What is a large enough sample?

In my previous entry, I tried to clear up some of my own confusion about the Central Limit Theorem (CLT) and explained why it is such a valuable theoretical concept in statistics. To recap, the CLT describes how the means of a random sample of an unknown sampling distribution approach a normal distribution as the sample size $n$ approaches $\infty$. The uncertainty about our estimate of the mean of the original sampling distribution is given by $\sigma / \sqrt{n}$, where $\sigma$ is the standard deviation of the sampling distribution. We can see that the larger the sample size, the more certain we are about our estimate of the true mean.

The obvious practical question is what is a large enough sample size? The short answer is, it depends. A sample size of 30 is a pretty save bet for most real life applications.

To investigate the influence of sample size on the convergence of the distribution of the means, I will use simulated sampling from three different sampling distributions. All simulations were done using R. The code can be found on Github.

CLT in (simulated) action

Let’s consider a normal sampling distribution to start with. This is useful to illustrate the idea of how the uncertainty of our estimate of the true mean depends on the sample size $n$. Here is our normal sampling distribution with $\mu$ = 4 and $\sigma$ = 2. Now we generate a large number $m$ of random samples each with sample size $n$ and calculate their means. If this confuses you, you are not alone. For now, understand that the only variable we are changing is the sample size $n$. $m$ will just be a “large number”, such as 10000 in our case, so that we can draw a histogram of 10000 simulated means. We will do this four time, each time with a different sample size of $n$ being either 2, 5, 15, or 30.

The histogram shows the distribution of simulated means and the blue curve illustrates the normal distribution predicted by the CLT with a mean of $\mu$ and a standard deviation of $\sigma / \sqrt{n}$. In the lower panel, I show quantile-quantile plots to investigate the how well the distribution of the means fits a theoretical normal distribution. Unsurprisingly, the means of random samples drawn from a perfect normal distribution are themselves normally distributed. Even with a sample size as small as 2. It is intuitive that small sample sizes have more uncertainty associated with our estimate of the true mean, which is reflected by the relatively broad normal distribution of the means. As we increase the sample size the distribution of the means becomes more pointy and narrow, indicating that our estimate of the true mean $\mu$ becomes more and more accurate.

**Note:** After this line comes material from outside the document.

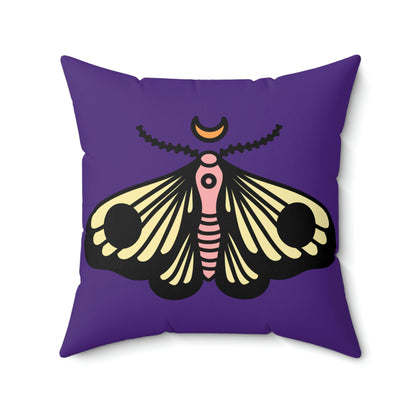 Spun Polyester Square Pillow Case “Moth Black on Purple”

Note also, that the y-axis changes as we increase the sample size. This is a visual confirmation that the standard deviation of the distribution of the means is given by $\sigma / \sqrt{n}$.

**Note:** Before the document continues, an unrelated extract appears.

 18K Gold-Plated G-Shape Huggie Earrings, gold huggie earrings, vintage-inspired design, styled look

Let’s turn to an exponential sampling distribution with $\lambda$ = 1/4 next. Recall that both the mean and standard deviation of an exponential distribution is $1 / \lambda$. This one is clearly not normal. I simulated random samples for different sample sizes as described above for the normal distribtion and calculated the means. At smaller sample sizes, the deviation of the actual distribution of the means from the theoretical distribution of the means is obvious. It clearly retains some characteristics of an exponential distribution. As we increase the sample size, the fit becomes better and better, until it eventually morphes into a normal distribution.

Does the CLT hold for an arbitrary distribution? Well, let’s consider this crazy sampling distribution I made up using a combination of normal, exponential and uniform distributions. Simulation of random samples using different sample sizes as before. As predicted, the CLT holds even for a non-standard sampling distribution. Granted, I did not challenge the assumptions of the CLT too much using for example an extreme tail (skew). I trust this is good enough to convince you that it would just take a few more samples before convergence.

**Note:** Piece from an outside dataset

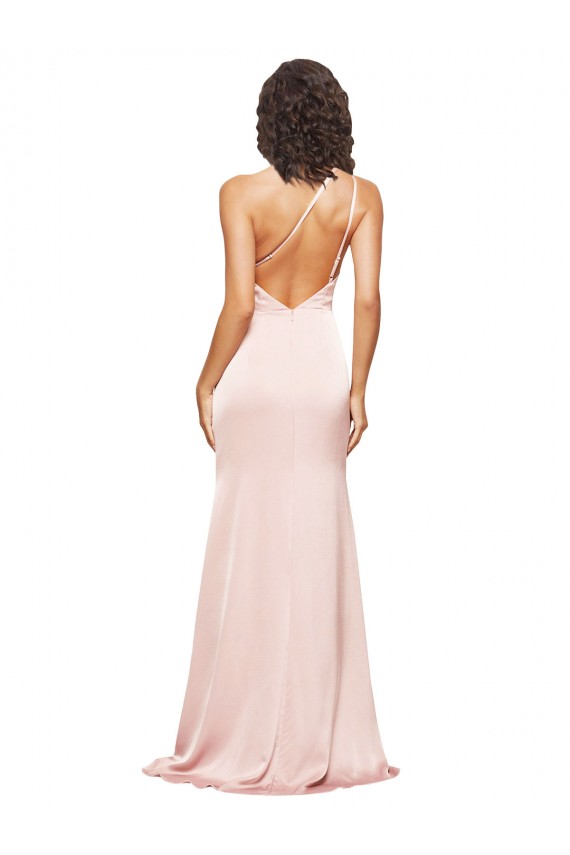 One Shoulder Silk like Satin Sleeveless Low Back Pink Formal Evening Gown / Prom Dress / Bridesmaid Dress Edinburgh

Why is a sample size of 30 large enough?

Back to our original question: what is a large enough sample? We have seen that the major determinant is the shape of the sampling distribution. The more normal it is to begin with, the fewer samples we will need to reach convergence towards a normal distribution of the means.

In practice we do not generate 10000 random samples (10000 experiments!) to get a distribution of the means. We estimate the mean and standard deviation from a single random sample. The larger the random sample, the better will be our estimate of the true mean $\mu$ and the standard deviation $\sigma$. This follows directly from the Law of large numbers. It is often recommended in statistics textbooks that as a rule of thumb a sample size of 30 can be considered “large”. But why exactly 30? I think there is a practical and a pragmatic argument to be made.

In the simulations we saw that the distribution of the means of a random sample drawn from a (not too crazy) non-normal sampling distribution will be very close to normal. This means that our estimates of the mean and standard deviation of that distribution will be sufficient to describe the distribution of the means and we can use them in hypothesis testing with some confidence (no pun intended).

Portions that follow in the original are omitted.